Updated at 1:26 p.m. Monday
More than 29 million people face a threat of severe storms Monday that could bring hail the size of tennis balls, damaging winds and strong tornadoes to the southeastern United States, forecasters said.
Large parts of Alabama, Georgia and Tennessee and a small portion of northeast Mississippi will be under a tornado threat Monday afternoon and evening, the national Storm Prediction Center said.
A strong thunderstorm was dropping hail in northern Mississippi on Monday afternoon, the National Weather Service said.
School systems from central Tennessee as far south as Birmingham, Alabama, said they were dismissing early, hoping students and staff would have time to get home before the storms moved through.
The threatened storms come one day before the official start of spring, and are “by far the most impressive setup we’ve seen so far this year,” said Kurt Weber, a meteorologist at the National Weather Service in Huntsville, Alabama.

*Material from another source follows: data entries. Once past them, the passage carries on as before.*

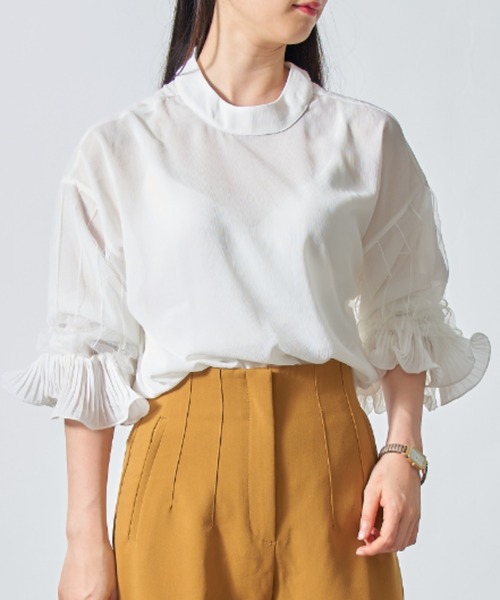 SETUP7（セットアップセブン）の「【SETUP7】シフォンブラウス SCCH65（シャツ/ブラウス・レディース・ブラック/ベージュ/ピンク/ホワイト・FREE）」の12枚目の写真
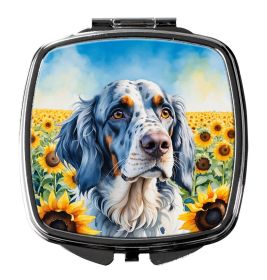 English Setter in Sunflowers Compact Mirror Decorative Travel Makeup Mirror for Women Girls Gifts Pocket Makeup Mirror Folding Handheld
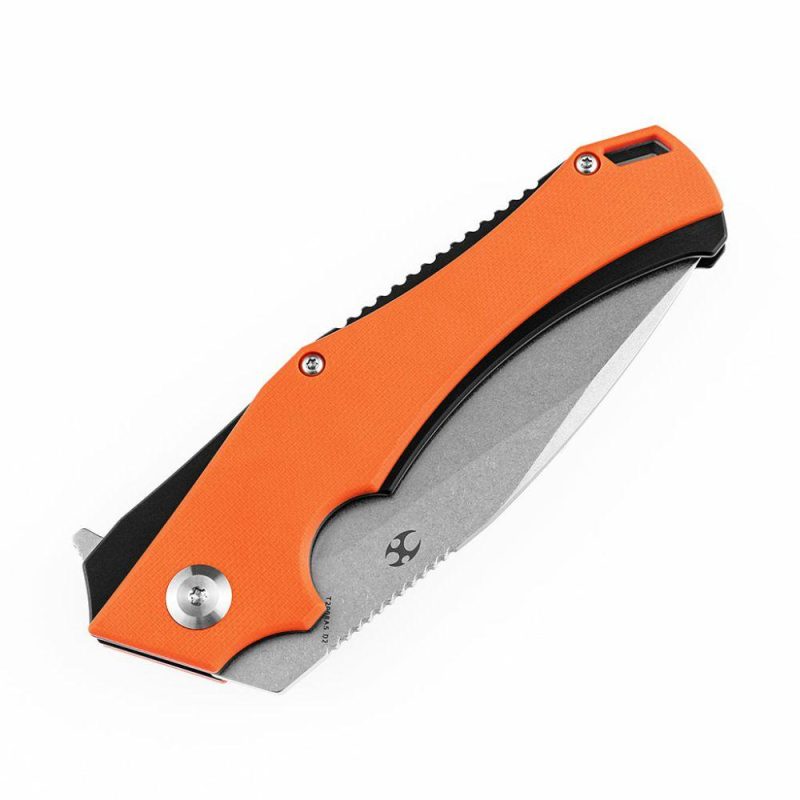 Mini Hellx T2008A5 Stonewashed D2 Blade Orange G10Handle with Mikkel Willumsen Design | Folding Pocket Knives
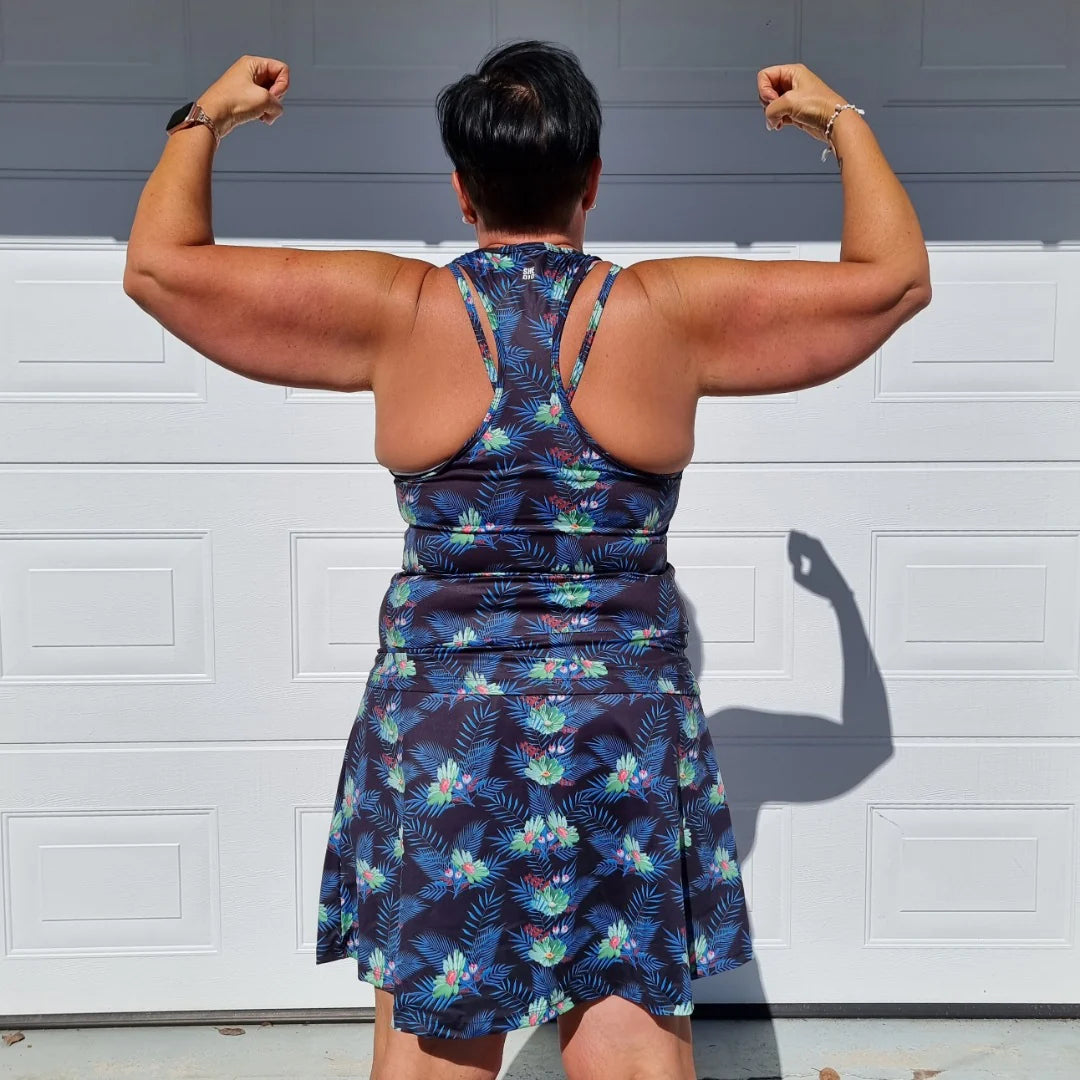 She Did Dark Floral Tank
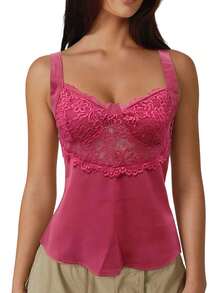Women's Lace Patchwork Tank Tops Summer Fashionable V Neck Ruffle Hem Going Out Vest - Hot Pink - View 3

“We can’t rule out a strong tornado east of Interstate 65 at this point with all the ingredients coming together,” Weber added. “Hopefully not, but definitely a possibility.”
By mid-morning Monday, confidence in the possibility of tornadoes across northern Alabama had increased.
“It appears increasingly probable the risk for several tornadic supercells will traverse across northern portions of Alabama late this afternoon and through the early evening,” the Storm Prediction Center said in an update on the situation.
An enhanced risk of severe storms covers several large cities across the South, including Nashville and Chattanooga in Tennessee; and Birmingham, Huntsville and Tuscaloosa in Alabama, forecasters said.
In Alabama, any strong tornadoes, golf ball to tennis ball-sized hail and 70-mph winds were most likely in the northern half of Alabama, including all of metro Birmingham. Hail of that size can do serious damage to buildings and cars, Weber said.
“This is one of those days you want to put the car in the garage if you can,” Weber said.
In Georgia, the highest risk of tornadoes will be in northwest Georgia, including the cities of Dalton, Rome and Cartersville.